Agile Project Management: Ideally, your ERP solution offers robust project management capabilities tailored to the needs of digital engineering initiatives. From task allocation and scheduling to resource planning and budget tracking, the ERP system provides the tools needed to manage complex projects effectively. Agile methodologies can be seamlessly integrated, allowing teams to adapt to changing requirements and priorities swiftly.
Comprehensive Resource Planning: With features like resource allocation, capacity planning, and inventory management, your ERP system helps optimize resource utilization in digital engineering projects. Engineers can easily identify available resources, allocate them efficiently, and track their usage in real-time. This ensures that projects are adequately resourced, reducing delays and cost overruns.

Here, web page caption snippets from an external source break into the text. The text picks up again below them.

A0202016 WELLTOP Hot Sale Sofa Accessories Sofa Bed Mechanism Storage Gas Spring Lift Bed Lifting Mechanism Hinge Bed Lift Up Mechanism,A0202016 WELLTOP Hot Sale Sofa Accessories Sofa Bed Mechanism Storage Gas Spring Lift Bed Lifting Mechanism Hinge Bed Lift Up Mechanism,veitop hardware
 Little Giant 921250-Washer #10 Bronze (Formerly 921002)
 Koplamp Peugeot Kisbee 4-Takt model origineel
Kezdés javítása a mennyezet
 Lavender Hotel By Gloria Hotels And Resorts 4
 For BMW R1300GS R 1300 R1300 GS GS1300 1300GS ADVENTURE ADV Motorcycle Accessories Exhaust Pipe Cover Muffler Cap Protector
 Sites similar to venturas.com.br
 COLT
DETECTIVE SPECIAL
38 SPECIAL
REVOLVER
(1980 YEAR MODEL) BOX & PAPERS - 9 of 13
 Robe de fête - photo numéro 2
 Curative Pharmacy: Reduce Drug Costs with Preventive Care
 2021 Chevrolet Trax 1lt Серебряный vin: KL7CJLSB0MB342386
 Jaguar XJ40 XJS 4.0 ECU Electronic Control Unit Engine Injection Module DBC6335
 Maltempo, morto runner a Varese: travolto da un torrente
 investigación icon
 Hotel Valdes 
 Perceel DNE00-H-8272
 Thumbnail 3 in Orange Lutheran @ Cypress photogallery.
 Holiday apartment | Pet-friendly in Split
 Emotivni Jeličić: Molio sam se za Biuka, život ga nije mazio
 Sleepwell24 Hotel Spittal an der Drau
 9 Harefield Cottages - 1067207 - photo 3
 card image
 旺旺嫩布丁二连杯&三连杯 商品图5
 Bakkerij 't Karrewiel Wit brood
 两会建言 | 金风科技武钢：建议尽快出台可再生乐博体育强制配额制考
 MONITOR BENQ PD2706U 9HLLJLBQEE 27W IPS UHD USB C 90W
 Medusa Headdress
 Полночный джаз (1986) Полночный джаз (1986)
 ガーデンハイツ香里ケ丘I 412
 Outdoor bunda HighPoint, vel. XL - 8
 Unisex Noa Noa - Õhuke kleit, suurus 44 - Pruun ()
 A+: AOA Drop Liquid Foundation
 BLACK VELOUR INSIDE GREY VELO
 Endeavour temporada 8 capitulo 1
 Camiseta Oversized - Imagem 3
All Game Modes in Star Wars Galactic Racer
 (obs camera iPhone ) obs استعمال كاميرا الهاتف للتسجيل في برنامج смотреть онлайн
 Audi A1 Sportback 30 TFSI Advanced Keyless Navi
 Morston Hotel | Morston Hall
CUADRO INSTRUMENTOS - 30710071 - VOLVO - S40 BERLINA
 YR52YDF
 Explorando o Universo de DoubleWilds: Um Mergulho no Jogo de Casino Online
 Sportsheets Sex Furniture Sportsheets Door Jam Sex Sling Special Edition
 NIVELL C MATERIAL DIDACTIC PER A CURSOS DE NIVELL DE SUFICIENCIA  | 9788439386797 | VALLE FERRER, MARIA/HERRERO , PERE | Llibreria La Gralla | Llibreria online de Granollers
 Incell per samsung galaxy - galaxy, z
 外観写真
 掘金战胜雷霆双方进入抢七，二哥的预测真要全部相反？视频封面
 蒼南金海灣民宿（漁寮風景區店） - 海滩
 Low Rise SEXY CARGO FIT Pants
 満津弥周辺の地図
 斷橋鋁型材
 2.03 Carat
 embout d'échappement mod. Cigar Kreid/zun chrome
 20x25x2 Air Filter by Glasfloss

Resource Planning remains a pain point across industry and often requires an application outside of ERP.
Data Analytics for Continuous Improvement: Leveraging the wealth of data captured within the ERP system, the solution offers powerful analytics tools to support continuous improvement in digital engineering processes. By analyzing key performance indicators, trends, and metrics, engineers can identify areas for optimization, anticipate potential issues, and make data-driven decisions to enhance project outcomes and efficiency. The power of robust analytics, AI powered analysis and decision making is quickly becoming the new superpower of competitive advantage. While the R&D side of Aerospace & Defense manufacturing is truly cutting edge, many of the systems used to drive it remain disjointed, manual and brittle.
How does Deltek Costpointä provide more of what you need from your ERP to deliver the benefits of Digital Engineering to your customers and improve operational efficiencies?
Integrated Project Accounting: Costpoint seamlessly integrates project accounting capabilities with digital engineering workflows, allowing for accurate tracking of project costs, budgets, and revenue. This ensures financial transparency and compliance while providing insights into project profitability and resource utilization.
Lifecycle Management: Costpoint offers robust lifecycle management functionalities that support the entire digital engineering process, from conceptualization to design, development, and maintenance. Engineers can manage product configurations, revisions, and documentation within a single platform, streamlining collaboration and version control.
Resource Optimization: With advanced resource planning and scheduling features, Costpoint enables organizations to optimize resource allocation for digital engineering projects. Engineers can easily allocate personnel, equipment, and materials based on project requirements, availability, and skill sets, ensuring efficient resource utilization and project delivery.
Compliance and Risk Management: Costpoint incorporates comprehensive compliance and risk management capabilities tailored to the needs of digital engineering industries. From regulatory compliance to cybersecurity and intellectual property protection, the ERP systems help mitigate risks and ensure adherence to industry standards and regulations throughout the project lifecycle.
Analytics and Insights: Leveraging built-in analytics and reporting tools, Costpoint provides valuable insights into digital engineering performance metrics, project milestones, and key performance indicators (KPIs). Engineers can analyze project data in real-time, identify trends, and make data-driven decisions to optimize processes, improve project outcomes, and drive continuous improvement.
Digital Engineering is the new baseline for government contractors, and companies positioned to deliver against and exceed DoD expectations will gain considerable competitive advantage in the years to come. Costpoint is the only ERP built specifically for government contractors and is uniquely able to help you prepare for the new digital engineering future of the aerospace and defense manufacturing industry.